Mais avec le 19ème siècle arrive le déclin des hortillonnages. La canalisation de la Somme et un peu plus tard la construction du chemin de fer réduisent considérablement les surfaces dédiées à la culture maraîchère. L’urbanisation progressive de l’agglomération amiénoise exerce également une pression de plus en plus forte sur les jardins d’eau. En 1930, le déclin s’accélère et les hortillonnages tendent à devenir un espace récréatif. Guinguettes, piscines et restaurants se multiplient pour faire de ce poumon vert un espace de détente et de fêtes. Peu à peu la ville enserre les hortillonnages qui deviennent directement menacés. En 1950, seule une dizaine de maraîchers exploitent encore un espace de 25 hectares. Le reste est transformé pour partie en terrains de loisirs et résidences secondaires. Des centaines d’autres hectares de terres sont progressivement laissées à l’abandon et redeviennent des habitats primitifs, des vasières, roselières ou boisements sauvages où la faune et la flore prospèrent sans entrave. 

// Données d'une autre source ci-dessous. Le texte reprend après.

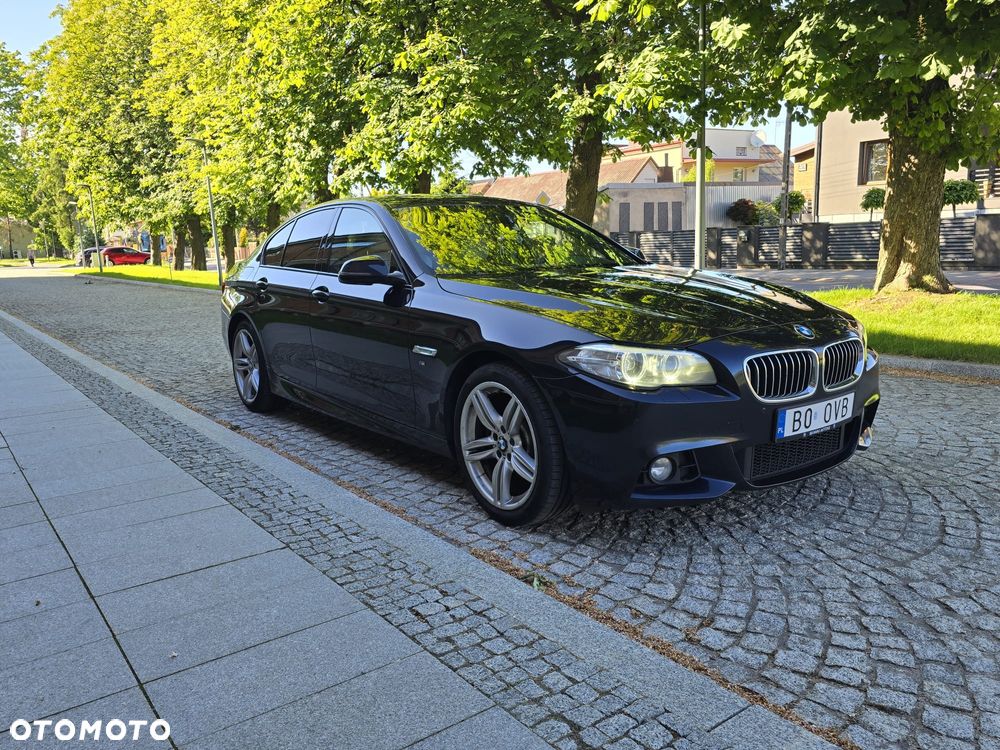 BMW Seria 5 520d xDrive Luxury Line - 12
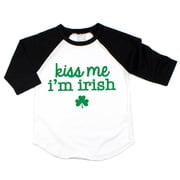 Bump and Beyond Designs Toddler Kiss Me Im Irish St. Patricks Day Raglan Black, 3T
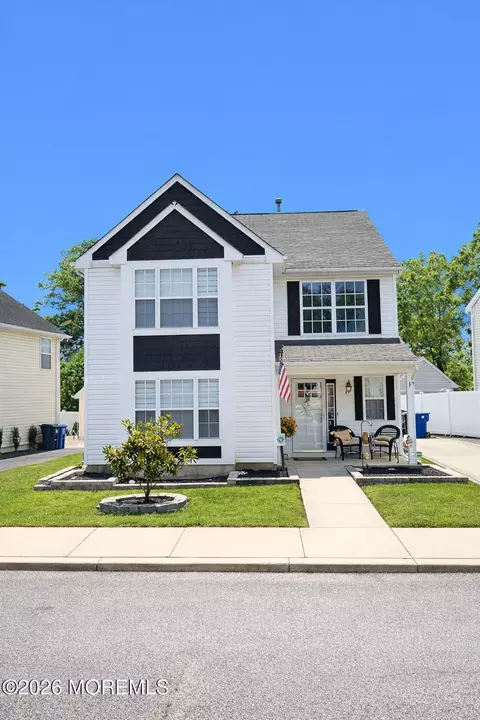 44 Messenger Ct, Toms River, NJ 08753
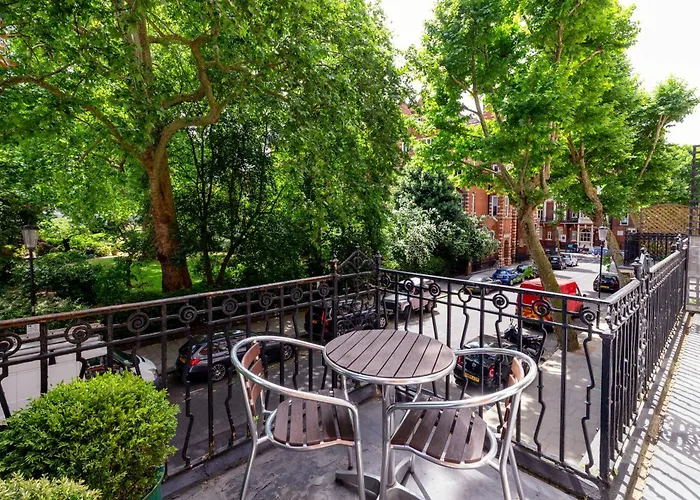 Collingham Serviced Apartments London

UN MILIEU SENSIBLE AU SENS ÉCOLOGIQUE DU TERME

En 1975, alors que la construction d’une rocade menace les hortillonnages de disparition pure et simple, plus de 600 espèces de plantes et 101 espèces d’oiseaux y sont recensées dont Le Héron cendré, le mâle du Canard Colvert, La Poule d’eau, Le Grèbe huppé et La Foulque macroule figurent parmi les plus fréquentes. Une politique de protection efficace va finalement être mise en place pour préserver le cadre exceptionnel des hortillonnages. Le maraîchage regagne progressivement un peu de terrain: onze maraîchers occupent alors 26 hectares de parcelles sur les 300 que comptent encore les hortillonnages. 

Une fois la saison touristique terminée, la remise en état des barques (du contrôle par une personne agréé, à la peinture intérieure extérieure) dure environ 3 semaines par barque.

Aménagés et valorisés par l’association de Protection et de Sauvegarde des Hortillonnages, reconnue en 1991 d’utilité publique par l’Unesco, ce joyau connait en 2001 une importante inondation qui fait que par endroits, le site ressemble à un véritable lac. La remontée des nappes phréatiques et l’inondation qui en a résulté ont asphyxié les racines de nombreuses espèces non adaptées à ces conditions. Si elles étaient capables, pour la plupart, de résister à des remontées d’eau temporaires, elles n’ont pu le faire pour une crue qui a duré plus de deux mois. Au niveau de la strate herbacée, les espèces les plus fréquentes sont la cousoude, le lythrum salicaire, l’eupatoire chanvrine, le lycope, la spirée et l’iris, et, dans les zones les plus humides, les joncs, les carex (cpendula, en particulier, qui a la forme des touradons). Beaucoup d’efforts ont été nécessaires pour redonner au site son vrai visage après cette épreuve. Actuellement, 40 Ha sont cultivés par les 7 hortillons qui exploitent chacun entre 4 et 7 Ha. Ce sont des exploitations familiales qui, pour la plupart, ont été transmises de générations en générations. Les conditions du milieu permettent trois récoltes/an quand les conditions climatiques sont favorables. La terre des Hortillonnages, par sa richesse en matière organique, par sa structure légère liée à la présence de tourbe permet un enracinement rapide et donc une reprise des plantes et un développement du végétal également en un temps record. Parcontre, ce sol est extrêmement perméable et malgré la présence à proximité de grandes quantités d’eau au niveau des rieux, il y a nécessité d’arrosages fréquents. L’outil premier de l’hortillon est la barque, qui lui permet de transporter sur ses aires le «petit» matériel qu’il utilise pour travailler la terre: motoculteurs, bineuses, pulvérisateurs autoportés et microtracteurs, sans oublier les pompes permettant l’irrigation, l’arrosage. Il y a très peu de serres mais 70% des parcelles sont équipées de voiles de forçages. La production est écoulée sur le marché sur l’eau du samedi matin et sur de petits marchés locaux pour 10%. La création du festival des hortillonnages, sous l’impulsion de la maison de la culture d’Amiens, représente l’occasion de découvrir les hortillonnages sous un autre jour : celui de la création artistique au service de la sauvegarde d’un site naturel. A vous de découvrir les hortillonnages en barque pour une expérience insolite et originale.